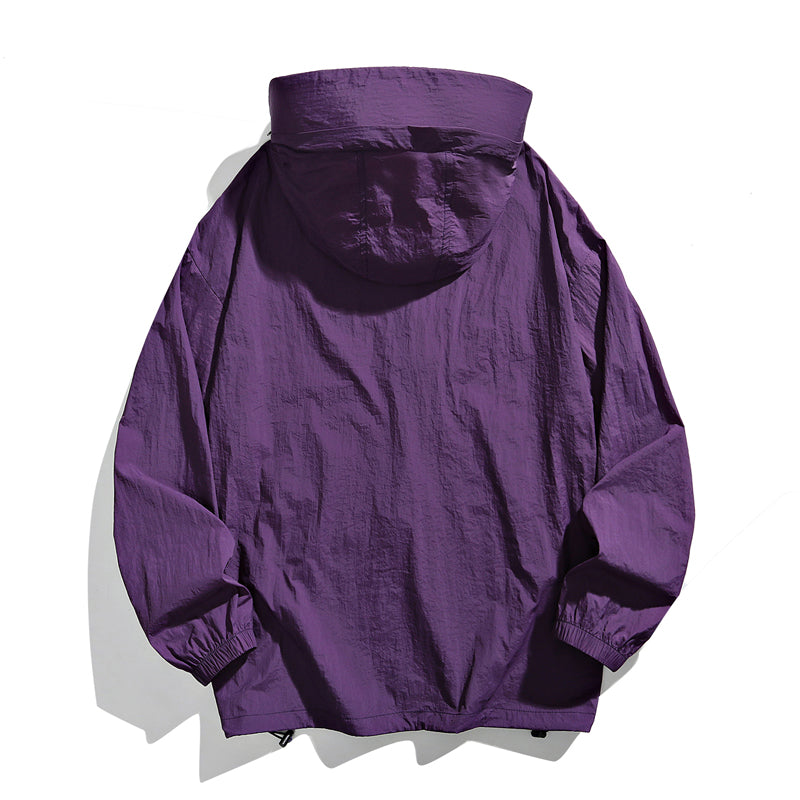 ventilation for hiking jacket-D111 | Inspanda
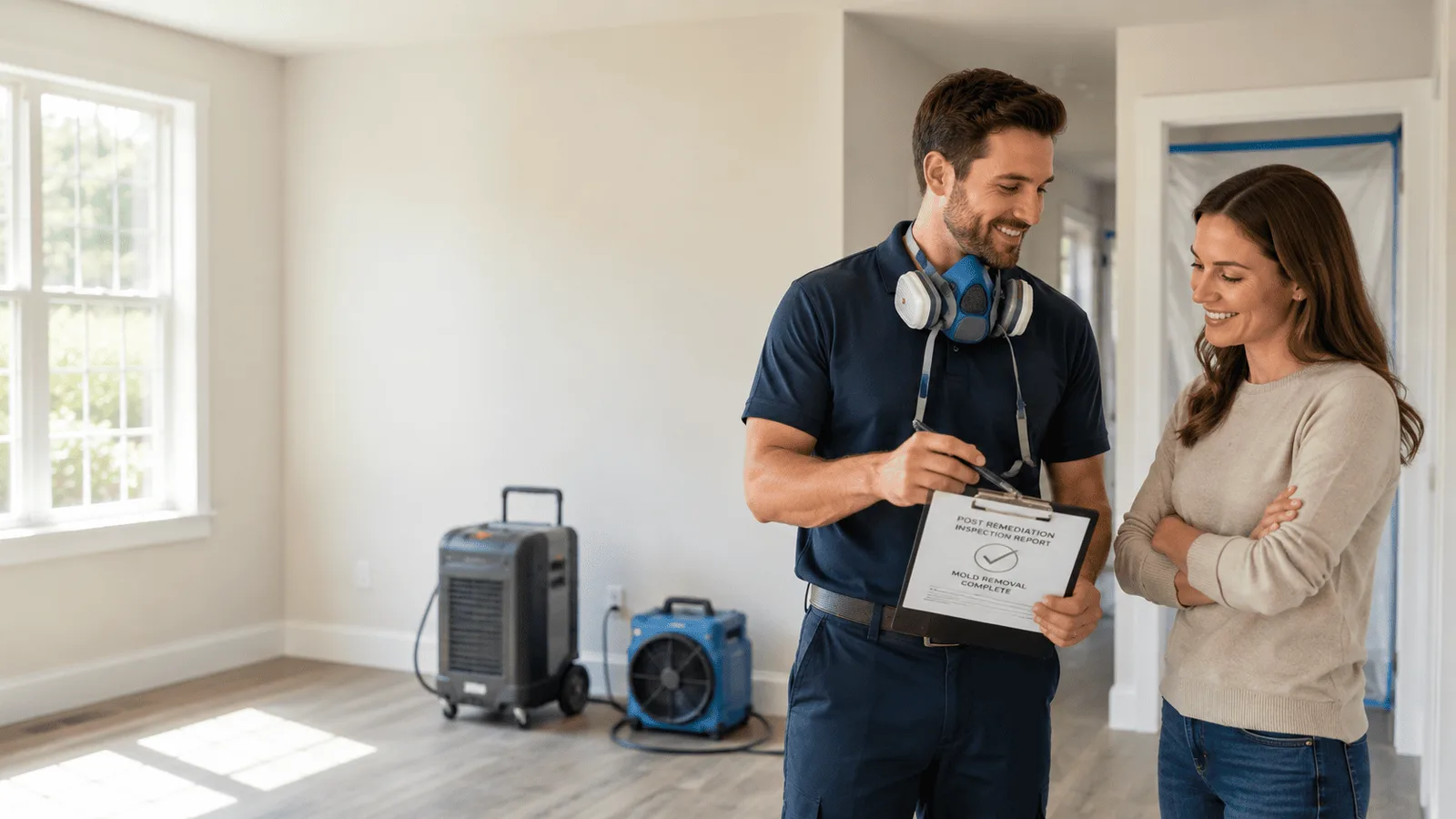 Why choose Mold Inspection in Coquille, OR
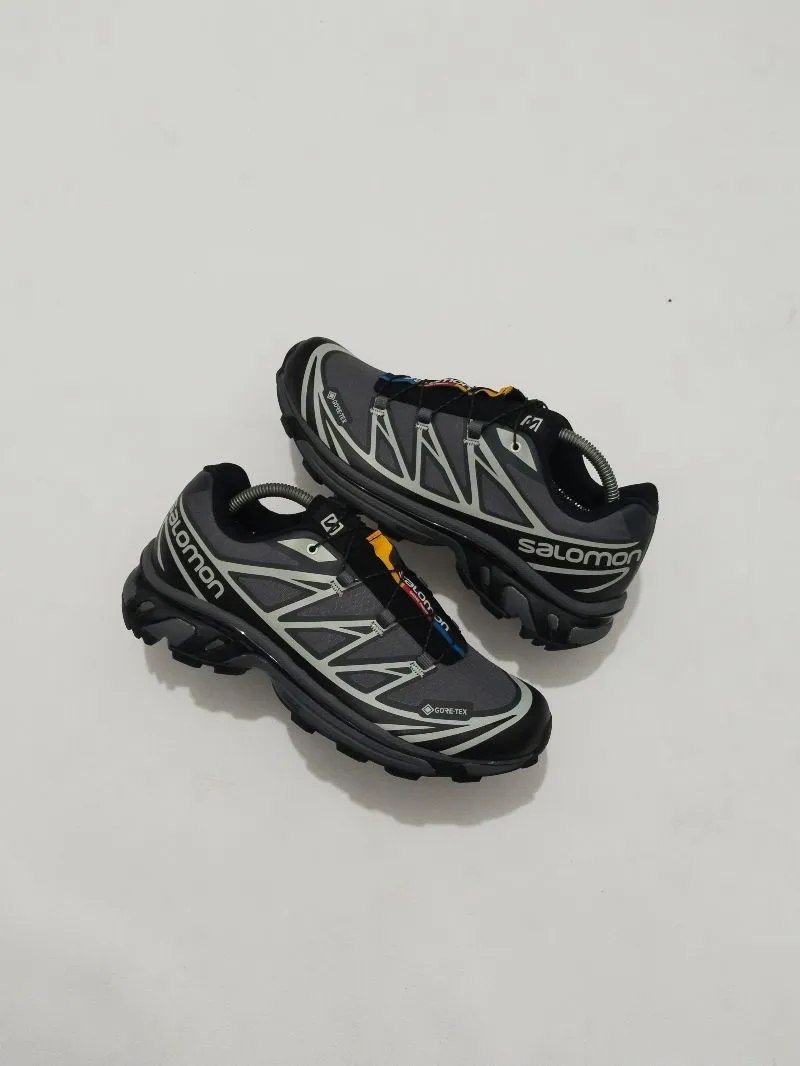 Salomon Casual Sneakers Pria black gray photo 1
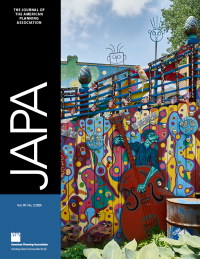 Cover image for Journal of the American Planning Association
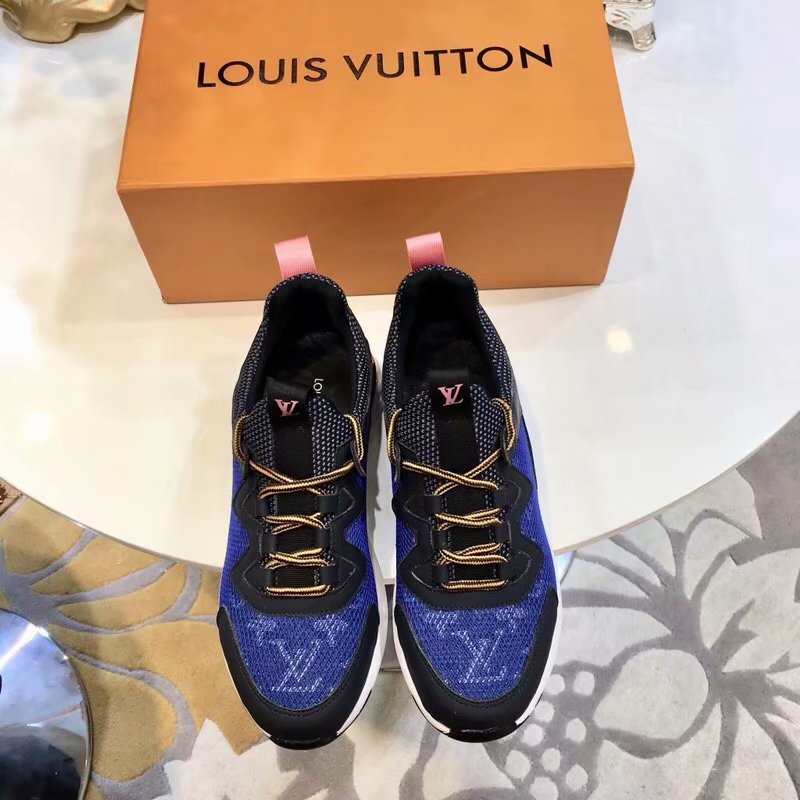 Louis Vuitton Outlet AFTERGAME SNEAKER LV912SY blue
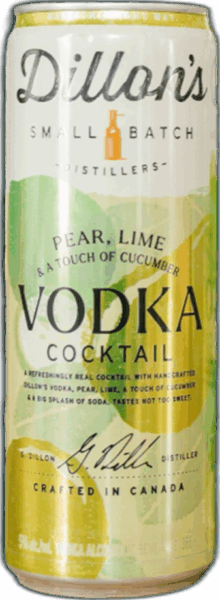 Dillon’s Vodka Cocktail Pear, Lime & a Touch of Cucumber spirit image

**What you are asked to do**
Pictures stay out; everything else in the entries is copied exactly.

**Result of the task**
 ventilation for hiking jacket-D111 | Inspanda
 Why choose Mold Inspection in Coquille, OR
 Salomon Casual Sneakers Pria black gray photo 1
 Cover image for Journal of the American Planning Association
 Louis Vuitton Outlet AFTERGAME SNEAKER LV912SY blue
 Dillon’s Vodka Cocktail Pear, Lime & a Touch of Cucumber spirit image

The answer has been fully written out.